Building a remote desktop sharing application using webRTC
We'll be building a remote desktop sharing application i.e. a TeamViewer clone using webRTC. Efforts on this front have already been made - Rust Desk being a great example. The main motivation is to learn Rust by building a real-world project.
This draft is going to serve as a reference for all technical specifications, requirements and high-level documentation for the project. It is bound to change/update as the project takes shape and also subject to any future requirements/objective changes.
The application must allow two peers to share their screen with each other, where one peer (remote) can take control of the mouse/keyboard of the other peer (host)
To build such an application we would need to implement or use crates for the following mechanisms:
- Capturing screen
- Encoding captured screen data with either h264, vpx codec
- Streaming the encoded video data to the remote peer
- Decoding the host peer video stream
- Displaying the host peer's screen in an application window
- Capturing the remote peer's mouse/keyboard inputs from the application window
- Transmitting said data to host peer
- Enacting/translating/mimicking the mouse/keyboard events from the remote peer on the host's machine
Screen capture is to be done using gstreamer. However, gstreamer is a really complex framework and learning it in and of itself can take a lot of effort and time. We would be better off finding an alternative. One of the alternative is to take a look at how rustdesk does it.
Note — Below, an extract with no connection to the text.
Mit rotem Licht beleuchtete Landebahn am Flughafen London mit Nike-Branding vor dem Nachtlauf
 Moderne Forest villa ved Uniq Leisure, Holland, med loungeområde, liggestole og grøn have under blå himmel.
We will be using webRTC for streaming video and mouse/keyboard data. webRTC for the curious is an awesome resource for learning ins and outs of webRTC.
The 'track' api should allow us to stream video and we'll use 'data channel' for transmitting the keyboard/mouse events.
It is also absolutely necessary to build a signalling server that's going to facilitate setting up the call between the peers. A webRTC connection can not be made without the signalling server. How the signalling server is implemented is totally up for discussion.
For this part we will have to use a GUI framework. It can take a lot of figuring out how to actually display a stream of data (live-video) on a UI canvas/widget and keeping it from lagging behind. An immediate-mode GUI framework will be the best way to do this as they tend to offer per-frame rendering control in an event loop.
The same GUI framework should also allow capturing mouse/keyboard interactions.
The application will be operating in one of two modes:
- Host Mode
- The application will capture the host screen and encode it.
- As soon as a call request comes in from the signalling server, the host will answer it to negotiate following the webRTC offer/answer/ICE flow
- On a successful negotiation, the host will relay its video track through the peer connection
- The host will be listening for data on its end of the data channel
- On receiving data on the data channel, the host will have to translate the mouse/keyboard events
- Remote Mode
- As remote, the application is able to make a call request to another peer by talking to the signalling server
- After successful negotiation with the host peer, the application will display a wundow in which the host's video stream will be displayed.
- The remote peer's mouse/keyboard inputs will be captured by the same window when in focus so as to avoid sending input events if the window is in background/ not in focus.